▸ **What the task requires**
Nothing should appear in the answer except the lines below from the line containing "Cover of: Garfield - Let's Party" through the line containing "Conjunto Gisa Off White", copied exactly, with pictures left out.

▸ **Extracted data**

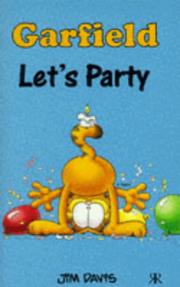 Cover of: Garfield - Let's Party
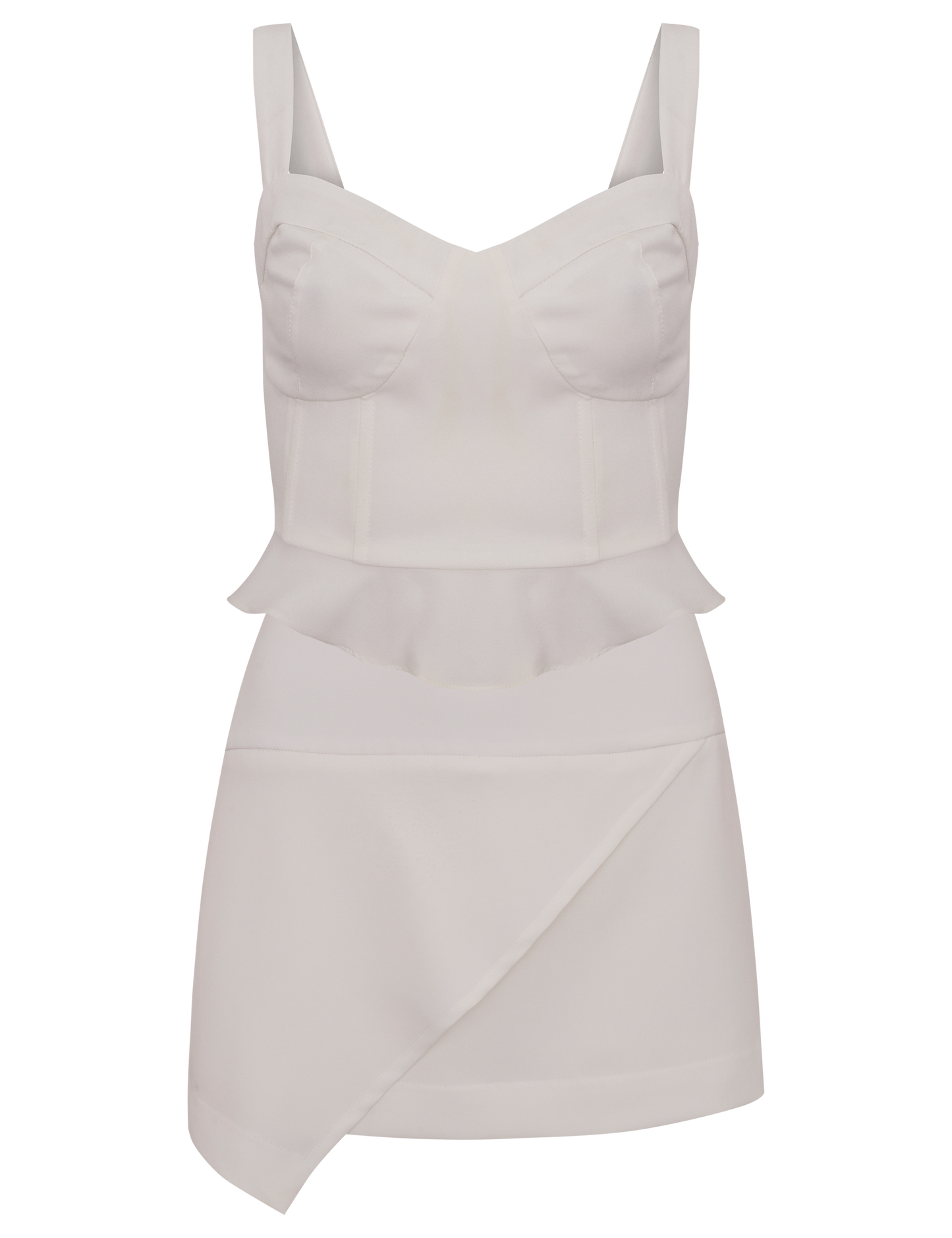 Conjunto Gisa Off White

* * *

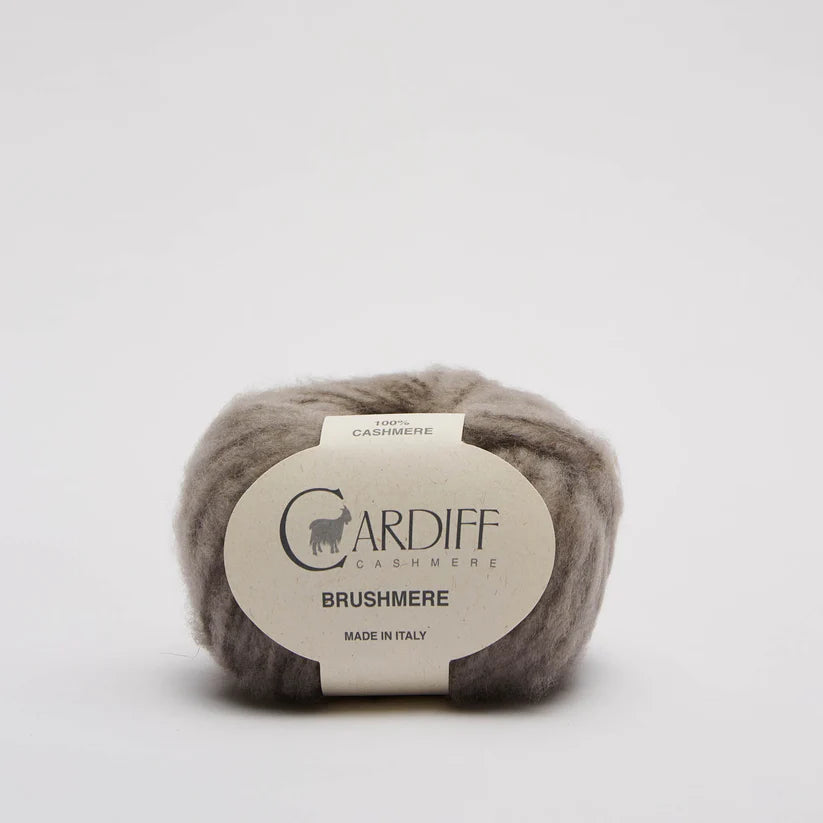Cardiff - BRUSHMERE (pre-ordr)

▸ **Answer**
 Cover of: Garfield - Let's Party
 Conjunto Gisa Off White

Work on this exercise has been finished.